International investment acts as a hedge against rupee depreciation, also known as currency risk. With the recent rupee fall, Indian investors should take advantage of this opportunity by investing in the U.S. market.
Your Indian stock market investments are in INR. However, when you invest overseas (in the U.S. stock markets), it is denoted in dollars.
You first convert your money into USD as per the exchange rate to invest and then back to rupee terms during redemption. Whenever the rupee depreciates against the dollar, it means that you earn an additional return on your U.S. investments.
You can see how much the USD has appreciated over the past year. In July 2021, the USD to INR rate was recorded at 74.33. On 14th July 2022, the USD to INR was at a record high of Rs. 80.23.
After this, the dollar attained a rate of Rs. 79.85 on 24th August 2022. What would this mean for your investment? Overall, the USD has seen a 7.43% increase in its value in INR terms.
Let’s understand this with an illustration.
If you invest Rs. 10000 in any fund in July 2021 when USD/INR was Rs. 74.33, the investment in Dollar terms is $134.
Let’s assume the investments have earned a net return of 0%. Even then, if you redeem it on 24th August 2022, when the USD/INR rate was at Rs. 79.85 compared to the previous rate, your investments are valued at Rs. 10742.63, giving you a gain of Rs.742.63 in a year.
Thus, a rupee depreciation results in gains for owners of assets and receivers of income in USD.
Saving for your child’s future education amidst this situation
When you plan to send your child abroad, for their higher education, as a parent, you are prepared to bear the expenses in that country’s currency.
Let’s take the U.S. in this case. When you send your kid to a renowned college or university in the U.S., you have to pay the tuition fees, living expenses, and other miscellaneous expenses in dollars.
As a typical Indian, we always convert Dollars to INR, which we should also do since the income is INR. Now imagine, when you are saving up in INR, is it possible for you to bridge the gap between the two currencies?
There would be a significant mismatch in what you’re saving vs what you would be spending in dollar terms.
But, when you invest in global markets, the U.S. market, in this case, gives you an upper hand to beat inflation and your domestic currency depreciation.
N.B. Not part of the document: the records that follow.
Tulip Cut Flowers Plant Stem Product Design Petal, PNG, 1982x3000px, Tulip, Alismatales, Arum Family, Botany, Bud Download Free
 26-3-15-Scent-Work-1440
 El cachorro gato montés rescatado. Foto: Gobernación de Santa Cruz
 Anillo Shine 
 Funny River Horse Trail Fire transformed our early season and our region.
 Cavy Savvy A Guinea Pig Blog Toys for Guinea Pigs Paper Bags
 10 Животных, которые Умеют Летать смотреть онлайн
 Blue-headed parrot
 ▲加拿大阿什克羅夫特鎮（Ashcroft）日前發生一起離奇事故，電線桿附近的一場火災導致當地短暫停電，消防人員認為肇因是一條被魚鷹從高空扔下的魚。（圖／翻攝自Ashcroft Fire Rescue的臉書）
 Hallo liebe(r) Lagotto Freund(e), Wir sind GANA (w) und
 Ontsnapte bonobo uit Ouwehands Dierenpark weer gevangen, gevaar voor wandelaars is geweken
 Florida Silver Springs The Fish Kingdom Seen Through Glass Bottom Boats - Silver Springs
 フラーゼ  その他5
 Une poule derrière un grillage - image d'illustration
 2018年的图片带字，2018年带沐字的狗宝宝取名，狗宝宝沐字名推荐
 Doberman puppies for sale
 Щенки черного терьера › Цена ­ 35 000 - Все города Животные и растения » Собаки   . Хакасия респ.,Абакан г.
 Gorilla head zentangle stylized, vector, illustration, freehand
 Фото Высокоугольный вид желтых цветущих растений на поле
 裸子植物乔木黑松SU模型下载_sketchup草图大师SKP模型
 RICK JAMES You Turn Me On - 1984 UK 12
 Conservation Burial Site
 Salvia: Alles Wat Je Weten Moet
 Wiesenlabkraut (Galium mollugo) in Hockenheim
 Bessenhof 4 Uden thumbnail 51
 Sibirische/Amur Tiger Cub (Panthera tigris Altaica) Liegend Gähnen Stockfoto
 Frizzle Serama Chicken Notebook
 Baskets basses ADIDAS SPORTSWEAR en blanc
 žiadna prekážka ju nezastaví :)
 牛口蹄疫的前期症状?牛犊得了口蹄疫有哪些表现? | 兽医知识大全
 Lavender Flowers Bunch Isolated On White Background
If you want to spend in dollars, it is always better to invest in dollars.
Now, how is this possible?
The significant modes of investment in the U.S. market would be direct stocks, mutual funds, U.S. ETFs, Options, Forex, etc.
The most optimum modes of investment in these options would be direct stocks in the US Stock market and U.S. ETFs. ETFs are a basket of securities traded on the stock market.
ETFs are always a good choice for beginners and investors who do not have much time to invest and manage their investments actively.
This investment mode is less time-consuming and offers exposure to every sector and segment of the market, dependent on the investment style of the investors.
The trade deficits will continue for quite some time, and the rupee is likely to reach 82 levels against the dollar in the third quarter, as per the analysts at Nomura.
The rupee might already touch 80 levels before this month’s end since there are no positive movements from the MPC committee to tackle the soaring inflation in India or the depreciating rupee value.
Moreover, heavy FIIs inflow in the U.S. market has increased the dollar demand significantly, increasing the USD value.
To prepare for your child’s higher education, investing in the global markets provides a hedge over currency risk and prepares you for the expenses in that country’s currency.